Perhaps we might send a copy of this quote to all of our religious leaders, politicians, and school principals. Maybe, then, the hopes and dreams of the Creation tale might be realized?

elan-babchuck

D’var Torah: Rabbi Elan Babchuck ’96 (Chol Hamoed Sukkot)

The Medizbozer Rebbe used to say: During the High Holidays, we find ourselves serving God with the entirety of our being. On Rosh Hashanah, we serve with our head, as memory enwreathes our mind. On Yom Kippur, we serve with the heart, as fasting strains the heart to its fullest capacity, and we open our hearts to our loved ones in seeking and granting forgiveness. And on Sukkot, we serve with our hands, as we grasp the lulav and etrog and build our sukkot from the ground up.

Indeed, the head-work and heart-work of the High Holidays can be engrossing, engaging, and exhausting to the mind and the spirit, respectively. When we truly give ourselves over to the task of searching our heads and scanning our hearts for all that ails us, inspires us, and moves us, we often find ourselves collapsed in a heap after the rush of bagels and orange juice at break-fast. And yet – tired as we may be – our work is just beginning.

As soon as the break-fast is cleaned up and we’re once again properly caffeinated, our task moves from the head and heart to the hands; it’s time to build the sukkah, grasp the lulav and etrog, and get to work.
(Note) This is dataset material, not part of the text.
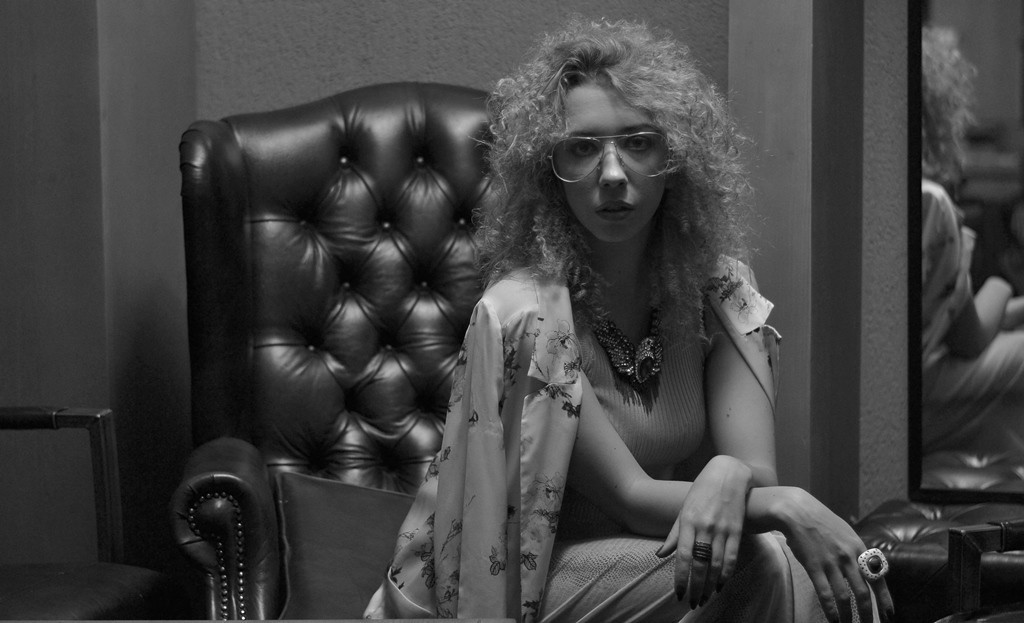 monoclu simona preda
On its own, the metaphor of our High Holiday time as a full-bodied experience is profound. But it’s the progression – head to heart to hands – that I find most compelling. What is the work of our hands if not a reflection on the passion of the spirit, the conviction of the mind? How could we possibly put our hands to work before we intellectually and instinctually understand what it is we’re trying to build?

Whether your handiwork involves building a sukkah, extending outreach to someone in need, or simply embracing a loved one, my blessing for us all is that the work of our hands flows authentically from the newly-minted memories of our minds and the deeply-rooted hopes of our hearts. Chag Sameach!
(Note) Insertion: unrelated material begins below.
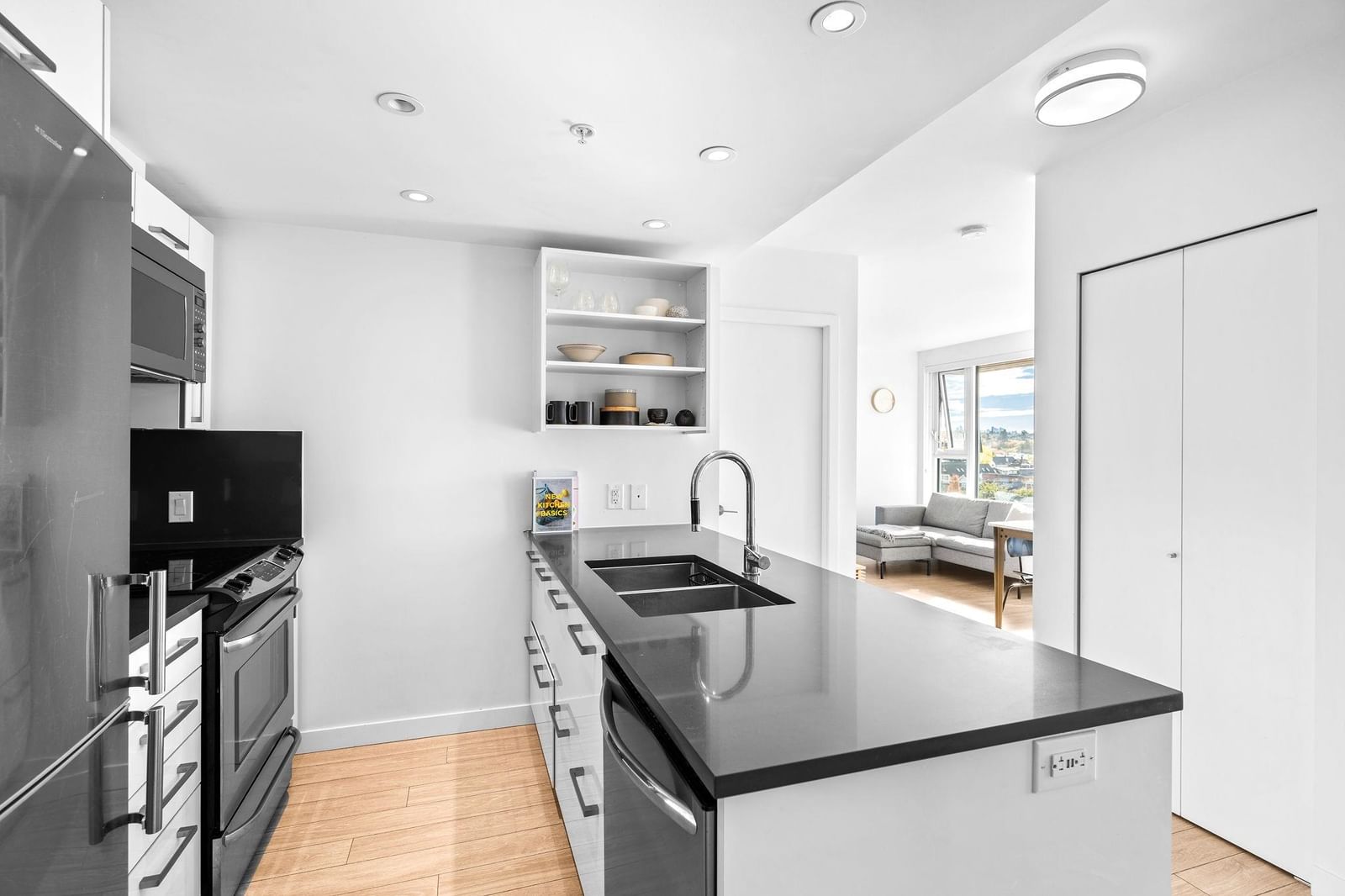 Listing Image 12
Rabbi Elan Babchuck ’96 is the Director of Innovation of Clal-The National Jewish Center for Learning and Leadership.

 

D’var Torah: Ami Joseph (Haazinu)

Did you know there was a can of tuna in the Ark of the Covenant alongside the two tablets that Moses brought from Mount Sinai?

Well, maybe it wasn’t exactly tuna. It was a measure of the Manna that we ate each day in the desert, when Hashem was our miraculous sheltering sky in the daylight and a burning cloud protecting us in the night. Could you imagine opening the famous Ark of the Covenant, excited to peer inside at the writings of Moses, our teacher, with foundational words of the Torah written on stone, only to also see a small measure of food?

In the desert Moses instructed us to take as much Manna as we needed for a single day. If we took more, the extra Manna would rot. We had to have faith in Hashem that there would be food for us and for our families on the next day, without which we might not survive. Hashem was using the Manna to teach a slave people how to have faith in tomorrow, and how to behave in a community by leaving extra food for others rather than hoarding it for ourselves.

The Torah has a different word for hoarders, called ‘Asafsuf’ in BaMidbar chapter 11, when the people rebelled against Hashem’s system of Manna, and instead wanted to gorge themselves on meat and fish and poultry. The people protested to Moses, who for the first time seems to lose patience, and asks Hashem for help getting the job done. After a series of such episodes, Moses’ may have lost some measure of control when he used his staff to beat a rock for water rather than speak to it, as Hashem had commanded.

This week’s parsha of Haazinu ends with Hashem commanding Moses to climb to the top of Mount Nebo, to retire from serving the people of Israel, and to pass on from this world before the people enter the land of Israel. But the measure of Manna remained in the Ark of the Covenant and with the people of Israel as they entered their new home, intended to be an eternal reminder to have faith in tomorrow no matter the events of today.

I learned a lot of this from listening to classes of Rabbi Menachem Leibtag via the app Soundcloud.